*Task requirements:* With pictures left out, copy exactly every line from the one containing "Lời Nguyền Của Dangun - Chương 27 - ảnh 12" through the end of the material.

*Supplied material:*

****

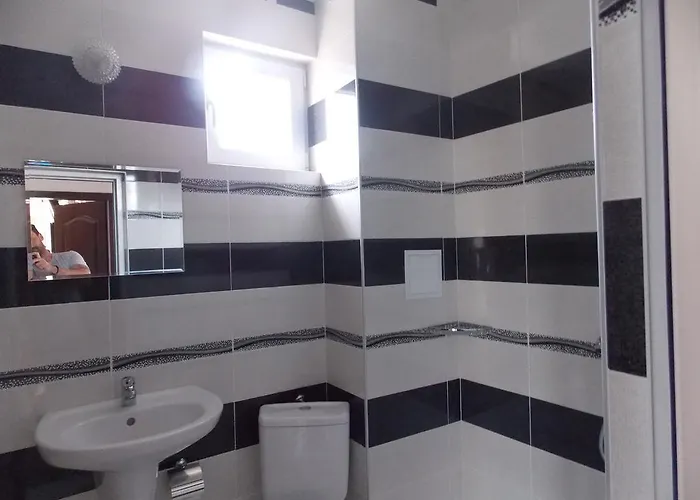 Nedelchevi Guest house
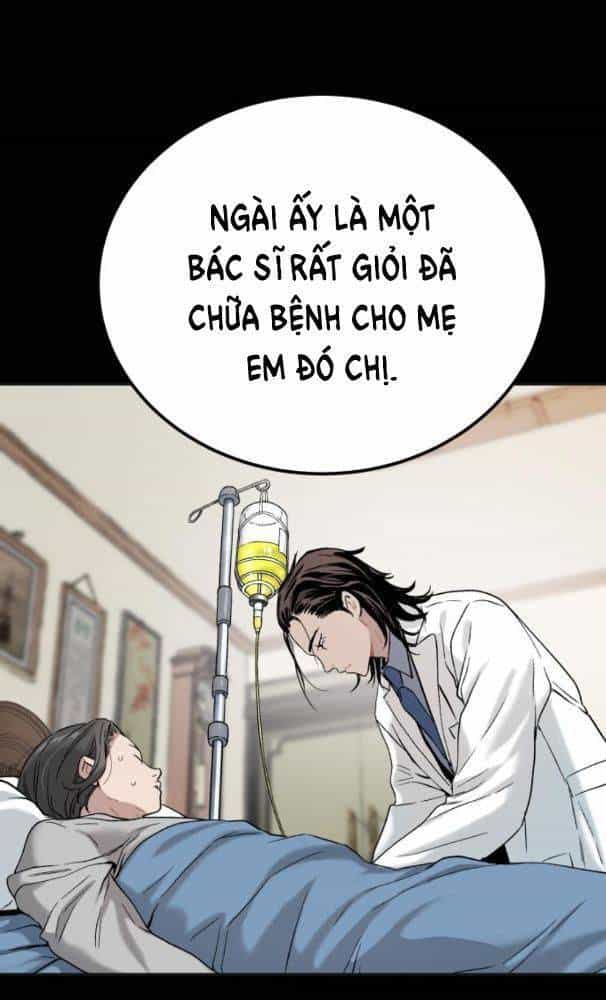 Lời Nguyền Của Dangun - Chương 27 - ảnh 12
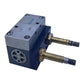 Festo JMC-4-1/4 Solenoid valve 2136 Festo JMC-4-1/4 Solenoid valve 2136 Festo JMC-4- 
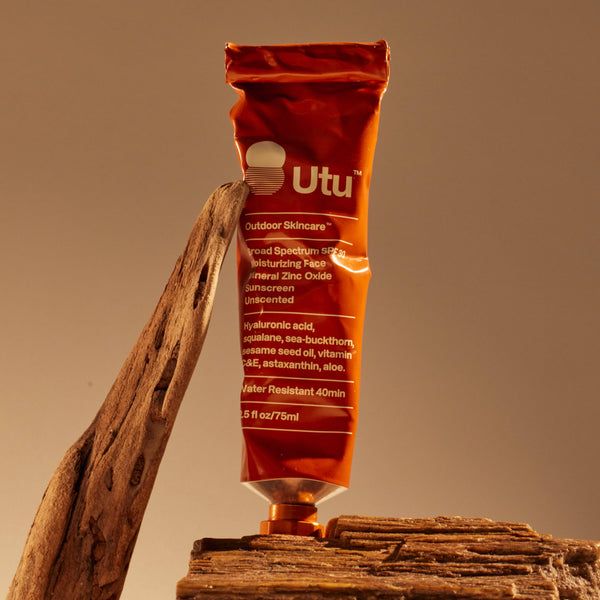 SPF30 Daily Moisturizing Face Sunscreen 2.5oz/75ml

****

*Exercise response:*
 Lời Nguyền Của Dangun - Chương 27 - ảnh 12
 Festo JMC-4-1/4 Solenoid valve 2136 Festo JMC-4-1/4 Solenoid valve 2136 Festo JMC-4- 
 SPF30 Daily Moisturizing Face Sunscreen 2.5oz/75ml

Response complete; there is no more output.